[BioPython] Problem with blast xml

Sebastian Bassi sbassi at gmail.com
Thu Oct 4 06:47:44 UTC 2007

I am having a problem that it is not originated in Biopython, but it
is affecting the Biopython (1.43) xml blast parser.
I have two xml files, one can be parsed and the other can't.
Here are the commands I run to get the xml files:

sbassi at xubuntu:~/blast-2.2.16/bin$  ./blastall -p blastn -d
/media/vic300/BLASTdb/ecoli.nt -i
/media/vic300/INTA/mitofragsB2-TAB.fasta -e 0.0001 -m 7 -o TABB2.xml
sbassi at xubuntu:~/blast-2.2.16/bin$  ./blastall -p blastn -d
/media/vic300/BLASTdb/ecoli.nt -i
/media/vic300/INTA/mitofragsB2-TABv2.fasta -e 0.0001 -m 7 -o

The relevant difference is the input file, the sequences are
different, but the output file should have the same format (shouldn't
When I am parsing the files, I find that this is not true.
This is the file that can be parsed without problem:

>>> bout=open('bioinfo/INTA/TABB2.xml')
>>> b_records=NCBIXML.parse(bout)
>>> x=b_records.next()
>>> y=b_records.next()
>>> x.query
u'fragment 31'
>>> y.query
u'fragment 67'
>>> x.alignments
[<Bio.Blast.Record.Alignment instance at 0xb659850c>]
>>> y.alignments
[<Bio.Blast.Record.Alignment instance at 0xb65a3c6c>,
<Bio.Blast.Record.Alignment instance at 0xb65a3cec>,
<Bio.Blast.Record.Alignment instance at 0xb65a3d8c>,
<Bio.Blast.Record.Alignment instance at 0xb65a3e8c>,
<Bio.Blast.Record.Alignment instance at 0xb65a3f8c>,
<Bio.Blast.Record.Alignment instance at 0xb65a3e4c>,
<Bio.Blast.Record.Alignment instance at 0xb65aa1ac>]

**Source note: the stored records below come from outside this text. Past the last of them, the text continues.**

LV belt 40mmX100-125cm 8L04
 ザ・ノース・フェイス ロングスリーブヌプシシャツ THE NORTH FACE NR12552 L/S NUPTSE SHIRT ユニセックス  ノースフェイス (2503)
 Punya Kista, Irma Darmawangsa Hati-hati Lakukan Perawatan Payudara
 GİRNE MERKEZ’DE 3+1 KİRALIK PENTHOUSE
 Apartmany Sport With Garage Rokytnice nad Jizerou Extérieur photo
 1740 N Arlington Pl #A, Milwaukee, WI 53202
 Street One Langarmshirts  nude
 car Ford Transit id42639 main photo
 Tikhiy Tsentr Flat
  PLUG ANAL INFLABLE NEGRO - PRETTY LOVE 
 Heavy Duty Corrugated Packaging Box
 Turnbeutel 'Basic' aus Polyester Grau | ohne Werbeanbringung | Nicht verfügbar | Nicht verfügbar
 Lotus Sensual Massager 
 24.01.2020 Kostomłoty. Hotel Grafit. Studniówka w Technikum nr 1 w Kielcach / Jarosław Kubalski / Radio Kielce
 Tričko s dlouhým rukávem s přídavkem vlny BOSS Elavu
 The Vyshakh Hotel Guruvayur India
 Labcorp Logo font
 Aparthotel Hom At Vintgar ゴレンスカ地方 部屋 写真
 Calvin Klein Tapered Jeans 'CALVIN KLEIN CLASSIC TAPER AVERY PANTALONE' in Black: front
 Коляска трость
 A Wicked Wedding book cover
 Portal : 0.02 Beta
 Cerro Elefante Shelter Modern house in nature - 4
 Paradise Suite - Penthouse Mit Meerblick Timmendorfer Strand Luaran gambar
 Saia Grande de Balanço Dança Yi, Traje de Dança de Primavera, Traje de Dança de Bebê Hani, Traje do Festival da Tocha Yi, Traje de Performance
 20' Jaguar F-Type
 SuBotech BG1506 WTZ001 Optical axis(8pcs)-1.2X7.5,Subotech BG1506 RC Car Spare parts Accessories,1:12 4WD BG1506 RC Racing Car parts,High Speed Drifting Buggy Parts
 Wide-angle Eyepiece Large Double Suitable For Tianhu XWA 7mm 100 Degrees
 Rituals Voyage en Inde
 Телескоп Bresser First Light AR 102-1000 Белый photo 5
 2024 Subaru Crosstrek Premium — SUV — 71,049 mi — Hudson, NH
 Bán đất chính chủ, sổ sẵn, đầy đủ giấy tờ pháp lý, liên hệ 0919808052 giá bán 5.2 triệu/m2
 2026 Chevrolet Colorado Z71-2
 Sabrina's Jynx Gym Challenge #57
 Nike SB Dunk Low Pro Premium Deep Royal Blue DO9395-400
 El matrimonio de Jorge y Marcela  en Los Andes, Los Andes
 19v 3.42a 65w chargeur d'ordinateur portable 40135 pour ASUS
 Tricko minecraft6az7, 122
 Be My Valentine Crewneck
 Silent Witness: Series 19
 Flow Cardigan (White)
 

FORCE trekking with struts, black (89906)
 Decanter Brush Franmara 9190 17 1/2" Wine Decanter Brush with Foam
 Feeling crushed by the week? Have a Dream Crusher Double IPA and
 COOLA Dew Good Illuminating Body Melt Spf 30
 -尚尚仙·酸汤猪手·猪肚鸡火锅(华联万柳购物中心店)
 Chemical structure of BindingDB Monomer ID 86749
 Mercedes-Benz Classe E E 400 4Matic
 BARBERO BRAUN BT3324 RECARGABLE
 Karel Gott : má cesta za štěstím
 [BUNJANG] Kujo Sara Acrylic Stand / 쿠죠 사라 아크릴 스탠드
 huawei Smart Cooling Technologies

Let's see what seems to be a malformed? xml file:

>>> bout=open('bioinfo/INTA/TABB2v2.xml')
>>> b_records=NCBIXML.parse(bout)
>>> x=b_records.next()
>>> y=b_records.next()
>>> x.query
u'fragment 1'
>>> y.query
u'fragment 57'
>>> x.alignments
>>> y.alignments
[<Bio.Blast.Record.Alignment instance at 0xb65a374c>]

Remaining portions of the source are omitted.